Explaining the rationale for such decisions necessarily involves speculation, but one can do worse, as a general rule, than to cite the apparent reasons provided to Irish Independent Ireland Editor Fionnán Sheahan: McEntee was not moved, says Sheahan, for two reasons.
The first, simply put, is that she’s too important organisationally to demote:
“She comes from a political dynasty and an influential family with a long history of Fine Gael activism.
McEntee’s husband, Paul Hickey, is also an insider, appointed by Varadkar to an internal party committee tasked with looking at political donations ahead of the next general election.
“Paul Hickey is a member of the party. That is his only role in the party. He was involved in a committee that looked at various fundraising options for the party, which concluded its work in 2022. That committee did not engage in or oversee any fundraising activity,” a Fine Gael spokesperson said.
But as a veteran party insider said: “Money wins elections.””
The subtext there is clear: Moving McEntee may have somehow risked certain donors taking a dim view of Mr. Harris’s leadership and becoming more reluctant to fund the party’s general election campaign.
The second reason, Sheahan reports, is less easy to rationalise:
The Harris camp has been coming up with reasons for not moving McEntee, including her connections and the difficulty of someone getting a handle on the portfolio in the short period of time left for the Government. And the best excuse of all is a concern among the upper echelons of the party that moving McEntee could be seen as bowing to a far-right, anti-immigration agenda.
Traditionally, one might note, political parties are in the business of maximising their potential voter base and easing voter concerns about their record. In this case, Sheahan reports, Fine Gaelers are more concerned about having the right sort of voter than having more voters, even though every number one, cast for whatever reason, counts the exact same.
Sheahan’s argument – made before the cabinet was announced – was that should the Taoiseach seek to keep McEntee in a job, it would be the “end of his honeymoon period”. That is, I think, a mild way of putting it. What it really amounts to is the end of any argument that the Harris administration will be anything different to what came before it.
Whether this is important or not is a matter of perspective: If one was a supporter of Fine Gael last week, one will probably still be a supporter today. If the party is relatively satisfied with its current standing, then no harm done.

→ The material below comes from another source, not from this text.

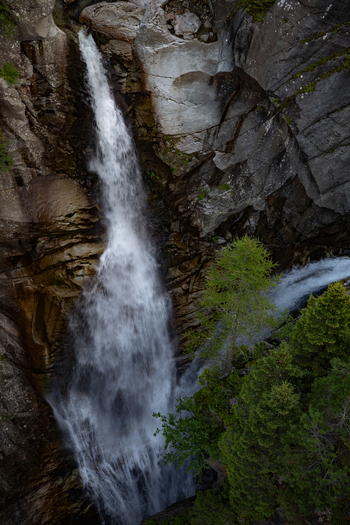 View of a waterfall cascading down rocky cliffs surrounded by pine trees in the Swiss Alps near Airolo Ticino Switzerland. View of a waterfall cascading down rocky cliffs surrounded by pine trees in the Swiss Alps near Airolo Ticino Switzerland.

The problem is that Harris had a rare opportunity, one that he has consciously chosen to decline. Moving McEntee out of justice would have been a big signal to people – precisely because of her standing – that he intended to meaningfully shift the Government’s priorities and approach and that, in plain language, he really is different from Leo Varadkar. It would have displayed a ruthlessness that his supporters and opponents have, at various times, credited him with possessing. It would also have been a powerful act of something politicians don’t get many chances at: Unspoken communication.
Nobody, for example, would ever expect the Taoiseach to say “I think Minister McEntee has underperformed in her job”. Even had he moved her, he would have had to shower her with praise for her work to date, but the act of moving her would have said more about his views than anything he might say. In this case, the reverse is true: Even if he says “we need to do better”, then the act of keeping her in post says more about his views than any words can.

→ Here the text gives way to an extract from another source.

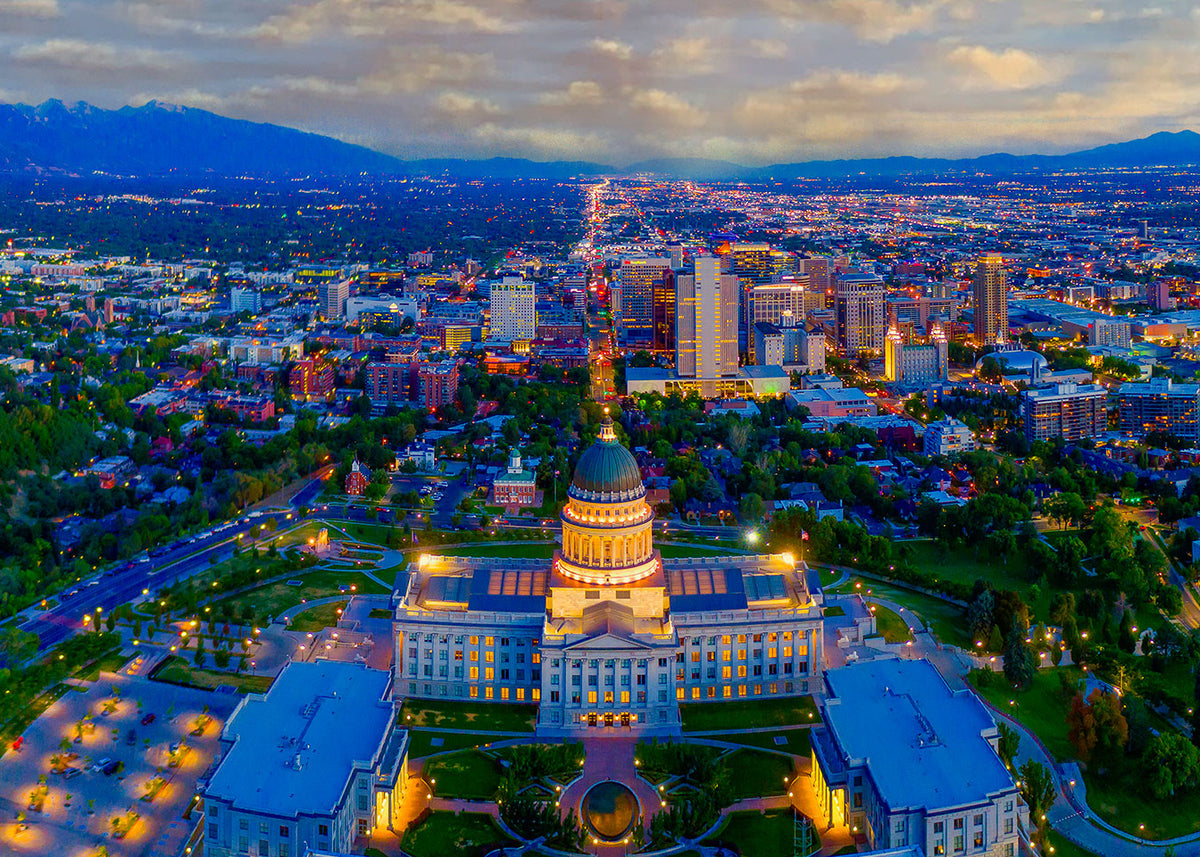 Salt Lake City skyline at dusk, the Utah State Capitol above downtown.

What’s more, it says something – and not good – about his authority over his own party. The Taoiseach will, absent a big win at the coming election, never be more powerful than he was yesterday. Yesterday’s reshuffle was the one and only chance he will get to make a fresh start, on a clean slate, and define himself as something new. He will never get that chance again.
Instead, he acted cautiously, and with apparent fear of the consequences of making a call that most of the public would have understood and, I’m nearly certain, welcomed. That goes to his character: When there’s a need to make the big calls, Simon Harris is all talk, and no action. It’s been a criticism that has often been levelled at him in his career.
As for the “far right”, amongst whose numbers many senior Fine Gaelers certainly consider yours truly, I suspect that they will be happier at McEntee’s retention than her demotion. Taking her off the board would have separated the Harris Government from what preceded it, and allowed the Taoiseach to claim that his Government had a new policy that was addressing concerns around justice and immigration. Having abandoned that chance, his opponents can now plausibly and accurately claim that he in fact endorses McEntee’s record in Justice – not just what she might do in the future but what she has already done in the past.
Meanwhile, he’s now stuck with her: Having declined to sack her yesterday, making a change before the election would appear indecisive, weak, and cowardly. He weakened his Government’s argument in the general election yesterday afternoon. If, in so doing, he has kept the “upper echelons of the party” happy that he has “denied the far right a win”, then he might reflect that the upper echelons of his party have largely landed it in the mess it finds itself, and seem determined to keep it – and their new leader – there indefinitely.